### WHAT IS REQUIRED
The pictures stay out. Please retype every line below exactly.
--- START ---
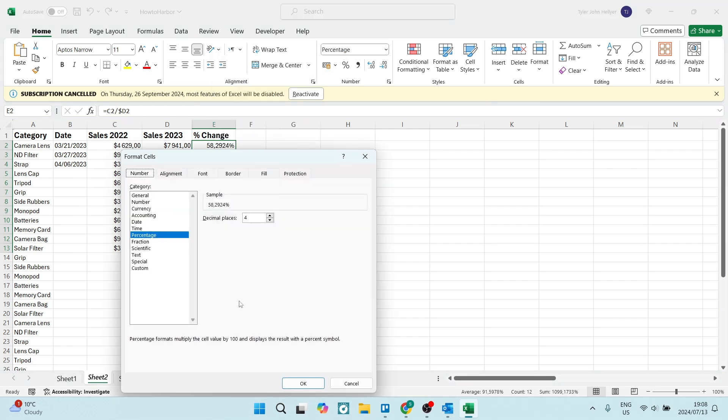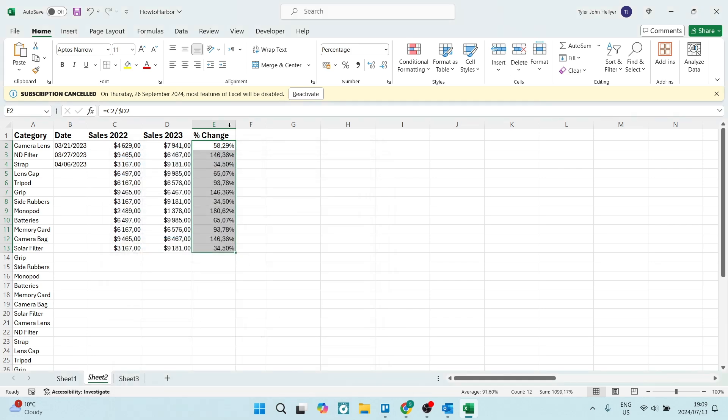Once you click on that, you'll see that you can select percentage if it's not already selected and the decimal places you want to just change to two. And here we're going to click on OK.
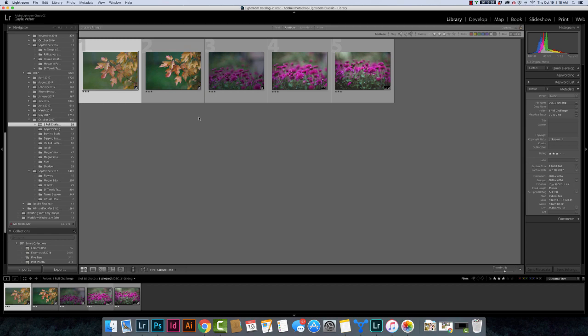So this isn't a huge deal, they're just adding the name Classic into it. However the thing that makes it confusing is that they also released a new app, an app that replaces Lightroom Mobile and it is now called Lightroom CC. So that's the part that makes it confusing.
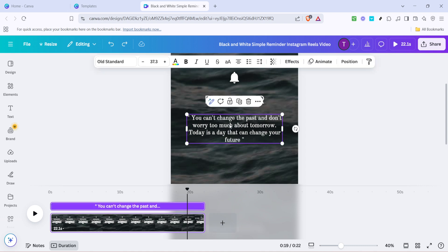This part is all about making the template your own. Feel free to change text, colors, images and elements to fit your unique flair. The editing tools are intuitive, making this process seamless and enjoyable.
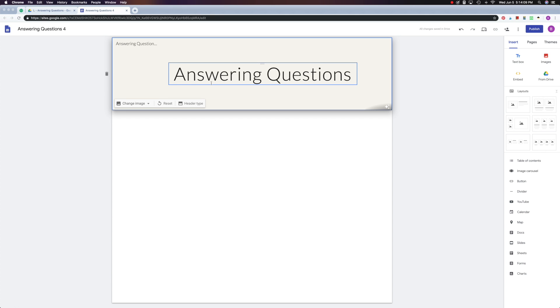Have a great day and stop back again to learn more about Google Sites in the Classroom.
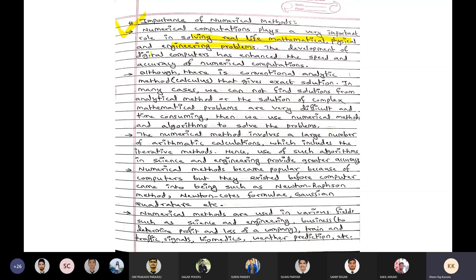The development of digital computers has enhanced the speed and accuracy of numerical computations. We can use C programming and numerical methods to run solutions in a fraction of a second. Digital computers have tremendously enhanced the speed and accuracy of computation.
--- END ---
### SOLUTION TO THIS TASK
Once you click on that, you'll see that you can select percentage if it's not already selected and the decimal places you want to just change to two. And here we're going to click on OK.
So this isn't a huge deal, they're just adding the name Classic into it. However the thing that makes it confusing is that they also released a new app, an app that replaces Lightroom Mobile and it is now called Lightroom CC. So that's the part that makes it confusing.
This part is all about making the template your own. Feel free to change text, colors, images and elements to fit your unique flair. The editing tools are intuitive, making this process seamless and enjoyable.
Have a great day and stop back again to learn more about Google Sites in the Classroom.
The development of digital computers has enhanced the speed and accuracy of numerical computations. We can use C programming and numerical methods to run solutions in a fraction of a second. Digital computers have tremendously enhanced the speed and accuracy of computation.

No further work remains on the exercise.